A graph is dots joined by lines: Picture a map of 5 towns with roads between some of them. Draw each town as a dot and each road as a line joining two dots — that picture is a graph.
The dots are vertices (one is a vertex), the lines are edges. A graph only records which towns are connected, not how far apart they are drawn — so the same graph can be sketched in many ways.
The degree of a vertex is simply how many edge-ends touch it — how many roads leave that town. A town with 3 roads has degree 3.
The handshake lemma — why degrees add to twice the edges: Every edge has two ends, and each end adds 1 to the degree of the vertex it touches.
So if you add up the degrees of all vertices, you count every edge exactly twice (once for each end).
That gives the handshake lemma: the sum of all degrees equals 2 × (number of edges). It's a fast check on any graph — and it forces the number of odd-degree vertices to be even.
IB-style question — degrees of a road network
A small road network links 5 towns A, B, C, D, E. The roads are: A–B, A–C, A–D, B–C, C–D, C–E.
Write the degree of each town, and use the handshake lemma to check the number of roads.
Step by step
- Count the roads meeting each town. A touches B, C, D → 3 roads.
- B touches A, C → 2. C touches A, B, D, E → 4. D touches A, C → 2. E touches C → 1.
- Add all degrees.
- Handshake lemma: total degree = 2E, so E = 12 ÷ 2 = 6 — which matches the six roads listed.
Final answer
Degrees 3, 2, 4, 2, 1; total 12 = 2 × 6, confirming there are 6 roads.
Special families of graphs: The exam expects you to recognise and use these names:
Simple — no loops (an edge from a vertex to itself) and no repeated edges between the same two vertices. Most real networks are simple.
Connected — you can travel from any vertex to any other by following edges (no isolated piece).
Complete — every pair of vertices is joined by an edge. The complete graph on n vertices is written Kₙ.
Bipartite — the vertices split into two groups, and edges only go between the groups, never within a group (e.g. students on one side, clubs on the other).
Tree — a connected graph with no cycles. A tree on n vertices has exactly n − 1 edges — the fewest edges that still keep everything connected.
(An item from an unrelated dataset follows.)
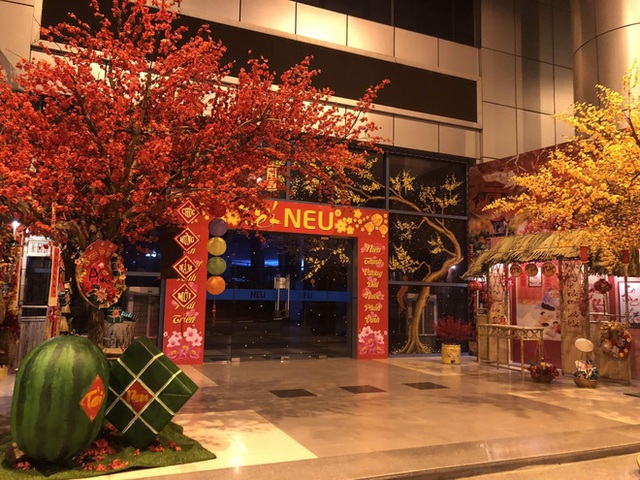 Trường học trang trí Tết đỉnh nhất: Rực sáng cả một góc, dựng ngay trong toà nhà thế kỷ 96.000 m2 với 17 thang máy! - Ảnh 1. Trường học trang trí Tết đỉnh nhất: Rực sáng cả một góc, dựng ngay trong toà nhà thế kỷ 96.000 m2 với 17 thang máy! - Ảnh 1.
IB-style question — a complete social network
Six members of a project team are each directly messaging every other member, modelled by the complete graph K₆.
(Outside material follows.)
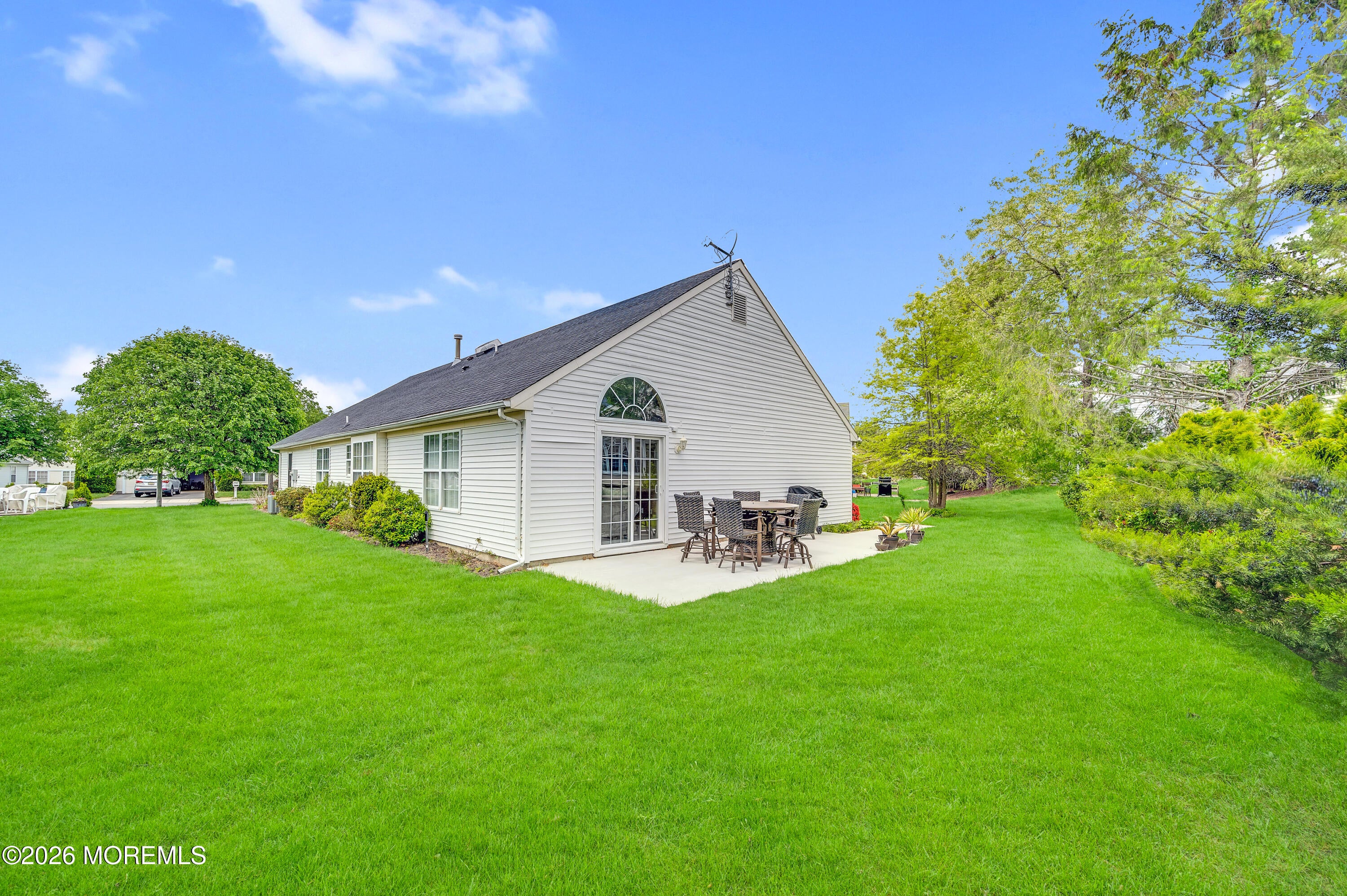 2737 Dalton Ln, Toms River, NJ 08755 photo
(a) How many direct message links are there?
(b) State the degree of each member.
Step by step
- (a) In Kₙ every pair is joined, so count pairs: edges = n(n − 1)/2.
- (b) In a complete graph each vertex joins to all n − 1 others.
- Check with the handshake lemma: 6 vertices × degree 5 = 30 = 2 × 15. ✓
Final answer
(a) 15 links. (b) Every member has degree 5.
IB-style question — is it a tree?
A company's reporting structure is connected, has 9 staff (vertices) and 8 reporting links (edges), with no cycles.
Explain whether this is a tree, and what would happen to connectivity if one link were removed.
Step by step
- A tree is connected with no cycles — both hold here.
- Check the edge count: a tree on n vertices has n − 1 edges.
- A tree has the fewest edges that keep it connected, so removing any single edge disconnects it.
Final answer
Yes — it is a tree (connected, no cycles, 8 = 9 − 1 edges). Removing any link would break it into two disconnected groups.